Mourinho: «Se parlo mi danno altre quattro giornate» Feb 25, 2010
La bufera si scatena quando la mezzanotte è già passata. E ad alzarla provvede ancora una volta José Mourinho, ben spalleggiato da Massimo Moratti. A rovinare la notte perfetta, il gol di Kalou che lascia aperte le ambizioni di rimonta dei Blues e il rigore (non dato) da Rosetti in Fiorentina-Milan: «Meglio non parlare di campionato - ha attaccato, schiumando rabbia, Mourinho - Se parlo di campionato mi danno 2-3 partite in più di squalifica ed è meglio non farlo. Questo perché mi hanno detto che si è ripetuto quello che è successo a Bari. Stavolta però, nonostante il mio italiano stentato, ho sentito parole nuove, ovvero “abbassiamo i toni”. Già, abbassiamo i toni: è così che voi italiani avete costruito una storia che mi ha fatto vergognare come uomo di calcio. Quando ho saputo di Calciopoli, mi sono vergognato terribilmente di dare da mangiare alla mia famiglia con i soldi del calcio. Però adesso abbassiamo i toni… L’Italia però non mi cambierà: sono arrivato onesto, me ne andrò via onesto. E oggi chissà c’era un rigore per il Chelsea. Quello che succede in campionato è però “positivo” perché ci abitua ad affrontare le grandi difficoltà».
EUROPA LEAGUE - La palla ripassa a Mourinho che, già che c’era, ha rivolto un pensiero a Juve e Roma: «Abbiamo dimostrato di essere una squadra da Champions. Se metti l’Inter nell’EuropaLeague, non dico che la vinceremmo senza difficoltà, ma saremmo la squadra principale….». Meglio parlare di Chelsea: «Siamo a metà tempo, siamo davanti e questo mi rende più ottimista dell’anno scorso. Andiamo a Londra con l’ambizione legittima di andare ai quarti, il nostro obiettivo è giocare almeno un’altra partita di Coppa a San Siro. Questa vittoria toglierà ad alcuni giocatori che sono qui da tempo la frustrazione del ricordo di alcuni insuccessi in Europa.
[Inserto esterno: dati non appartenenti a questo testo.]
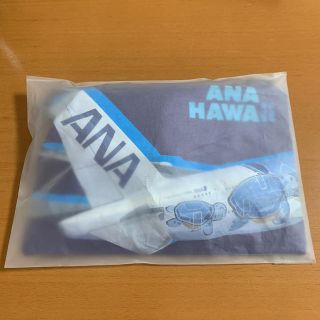 エーエヌエー(ゼンニッポンクウユ)(ANA(全日本空輸))のANA アメニティ(旅行用品)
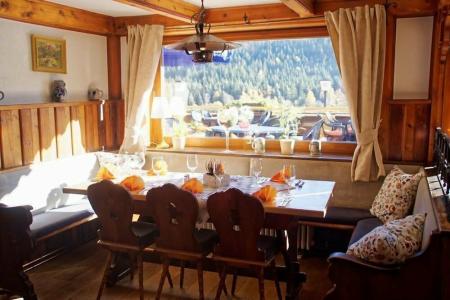 Heizmannshof & Restaurant am Titisee / Feldberg - 26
Se andiamo a Londra stando tutti dietro, non avremo nessuna possibilità. L’Inter però ha lasciato un messaggio forte al Chelsea: questa è una grande squadra. Il gol subito da Julio? Non so se ci siano relazioni con l’incidente, chissà poteva fare di più ma ha fatto una gran parata su Lampard».
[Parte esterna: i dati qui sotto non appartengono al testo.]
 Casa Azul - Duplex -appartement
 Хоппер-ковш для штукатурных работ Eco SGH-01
LODE AI DIFFIDATI - «Abbiamo vinto in maniera spettacolare perché nessun mio difensore (Zanetti, Maicon, Lucio e Samuel ndr), nonostante fosse diffidato, si è fatto ammonire. Se guardiamo le statistiche, sono bugiarde: loro hanno preso un palo, Julio ha fatto una parata mentre noi abbiamo creato 3-4 pericoli veri e con Eto’o potevamo andare sul 2-0. Nel finale però, almeno tre-quattro giocatori, ovvero Sneijder, Stankovic e Milito, erano in grande difficoltà e non è difficile sapere il perché, ovvero perché sabato hanno corso come pazzi…». Il dente batte sempre lì.